RECORDED INFORMATION:
=== Begin Enclosure ===
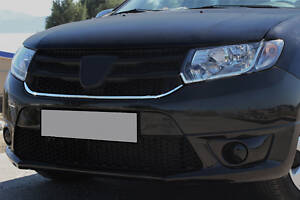 Накладка під ґрати (1 шт, нерж.) для Dacia Sandero 2013-2020 рр.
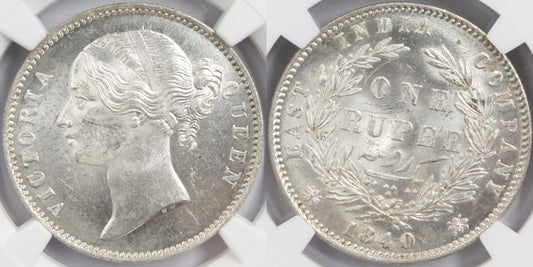 1840 India (C or B) Silver Rupee Coin NGC MS 63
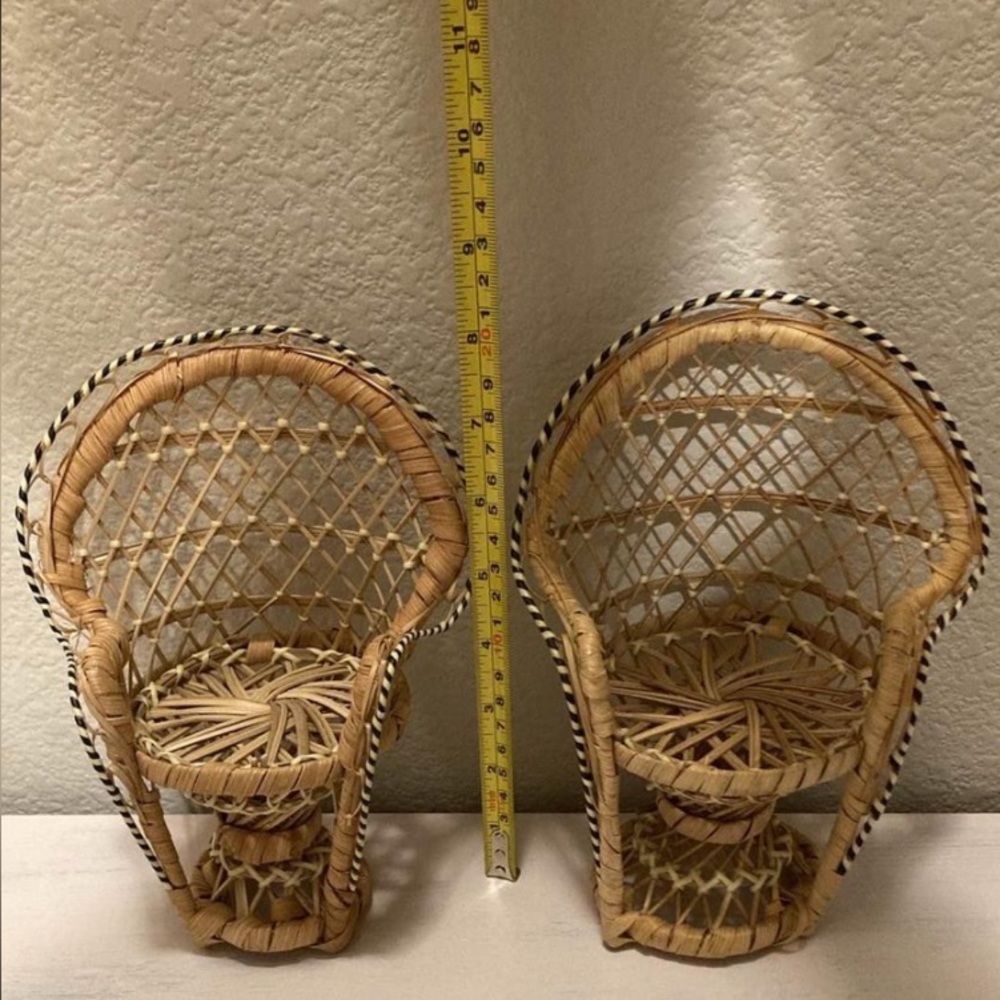 Mini Vintage Boho Wicker Rattan Natural Peacock Fan Doll Plant Chairs Set - Picture 5 of 7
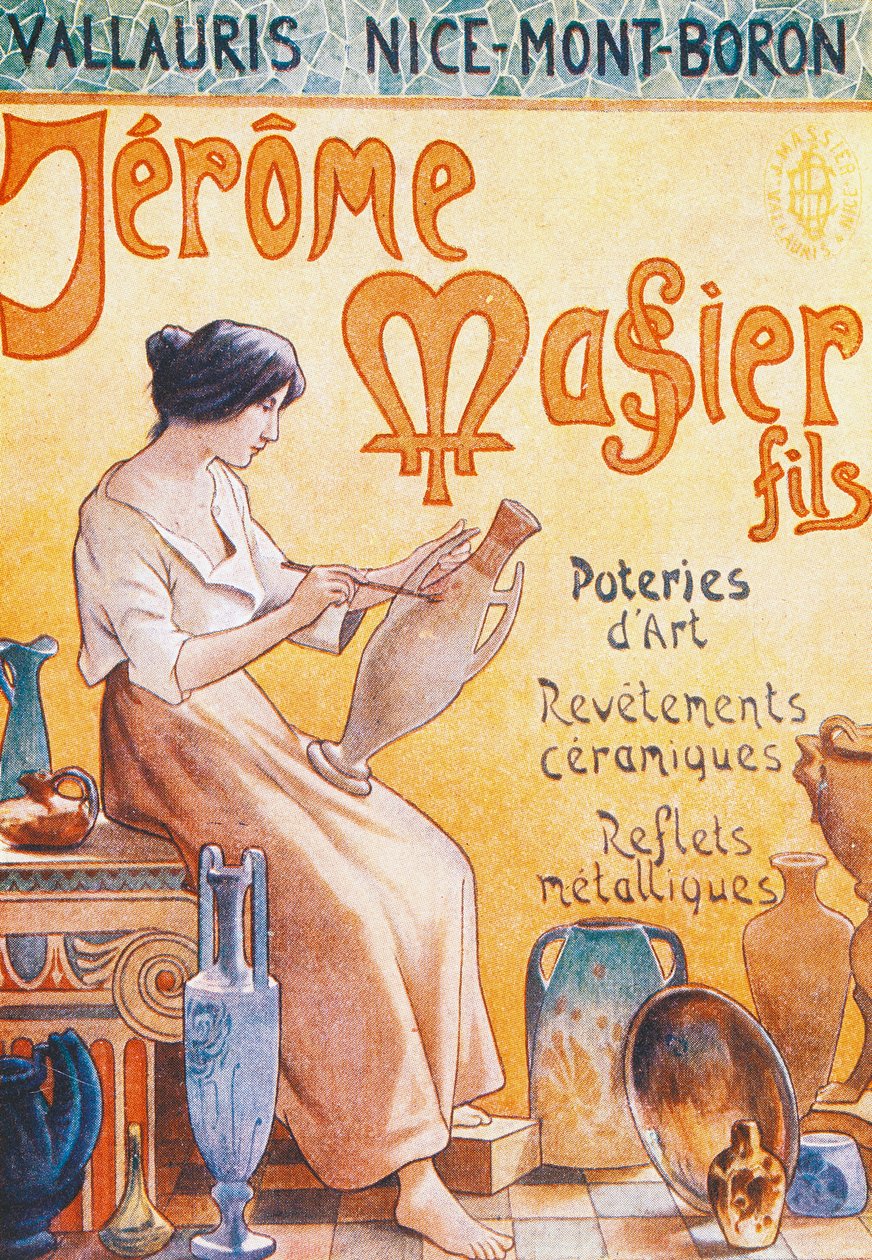 Mainospostikortti Jmf Jerome Massier Fils -liikkeen avaamisesta Mont-Baronissa, Ranskassa, 1900-luku tekijältä French School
=== End Enclosure ===
PROBLEM TO SOLVE:
Starting at the line that contains "1840 India (C", output every line through the end of the data, both ends included, and nothing else; pictures stay out.

FINISHED EXERCISE:
 1840 India (C or B) Silver Rupee Coin NGC MS 63
 Mini Vintage Boho Wicker Rattan Natural Peacock Fan Doll Plant Chairs Set - Picture 5 of 7
 Mainospostikortti Jmf Jerome Massier Fils -liikkeen avaamisesta Mont-Baronissa, Ranskassa, 1900-luku tekijältä French School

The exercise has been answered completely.